Over the medium-term, further reorganisation and consolidation of local government is conceivable. Economic crisis and public sector policy reform in the 1980s led to the last major reorganisation of local government in New Zealand. Economic crisis may not lead to a shift in the size and role of local government, and local government in New Zealand is already very limited in scope on international comparisons. Even so, economic crisis will almost certainly accelerate the search for greater efficiency and higher performance in local government services.
- Economic crises of the past have led to a significant shift in the relative roles and responsibilities of central and local government in New Zealand;
- Local government is currently facing significant funding challenges for infrastructure to meet higher health and environmental standards and to adapt to climate change. Central government has a larger role than in the past in helping local government meet these challenges.
- Small rural councils are facing increasing pressure on rating capacity and may not be viable in the future.

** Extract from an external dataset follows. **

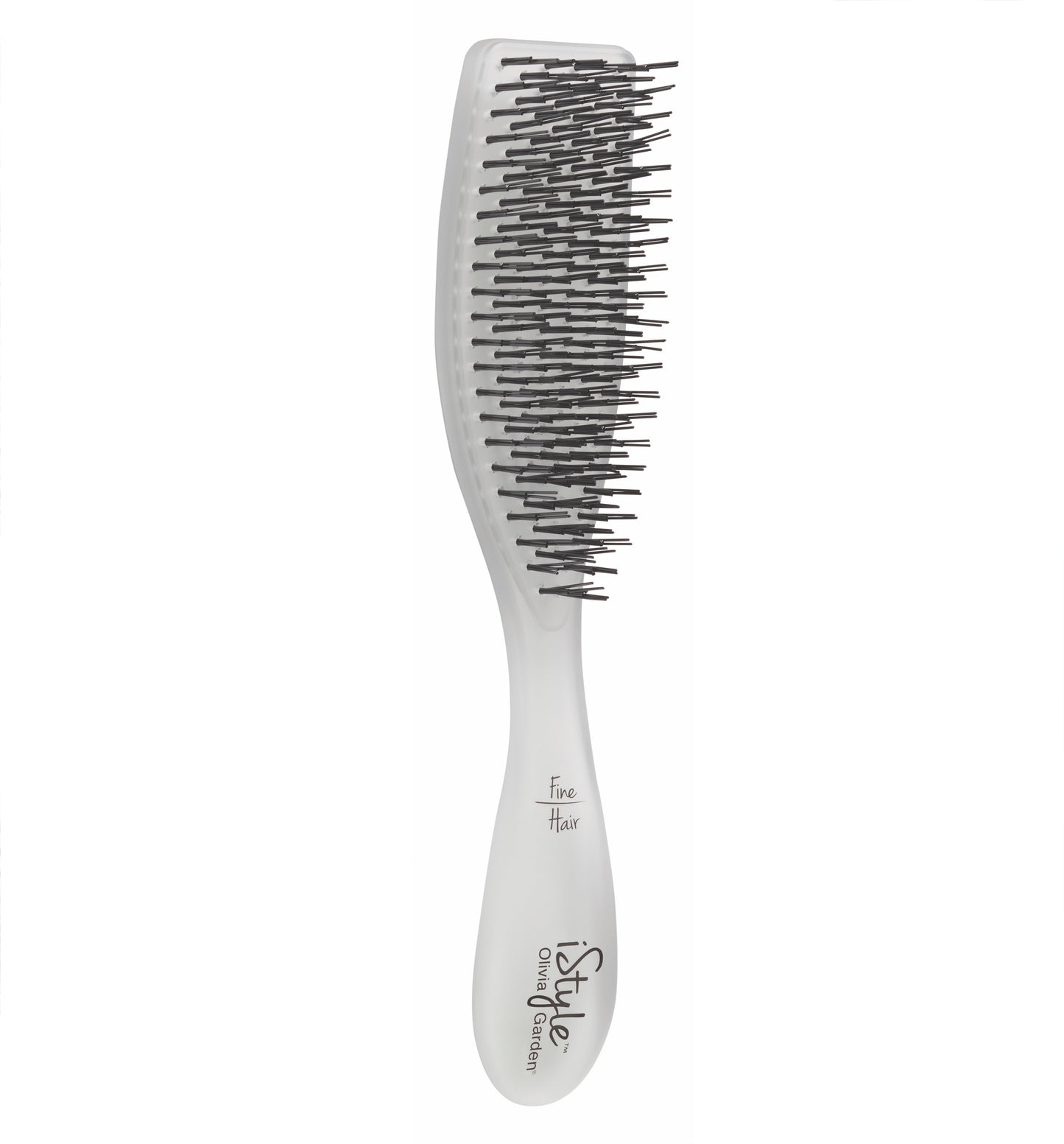 IS-FH ISTYLE FINE HAIR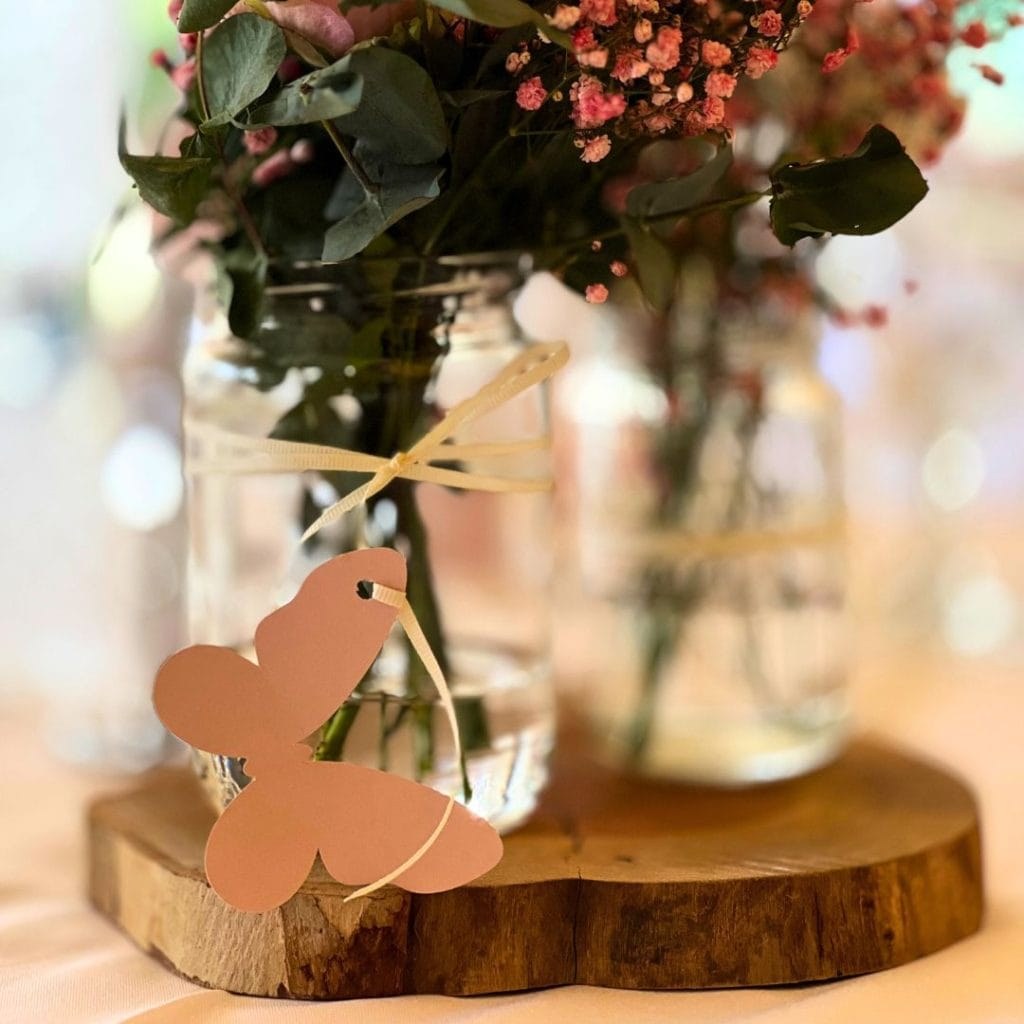 &sigma;&tau;&omicron;&lambda;&iota;&sigma;&mu;ό&sigmaf; &delta;&epsilon;&xi;ί&omega;&sigma;&eta;&sigmaf; &beta;ά&pi;&tau;&iota;&sigma;&eta;&sigmaf; &gamma;&iota;&alpha; &kappa;&omicron;&rho;ί&tau;&sigma;&iota;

- The Government will fund an accelerated programme of local infrastructure investments to stimulate the economy and reduce unemployment resulting from the COVID-19 crisis.
- The combination of existing funding challenges and economic crisis will likely lead to further substantial changes in the way in which local government organises its services.
1. Demonstrating that nothing is inevitable, other countries with stronger traditions of decentralisation (especially in northern Europe) took another path – where responsibility for funding and delivering local social services was devolved to municipalities. Even so, in these countries central government typically keeps its fingers in the local pie through regulation, performance monitoring and fiscal equalisation policies.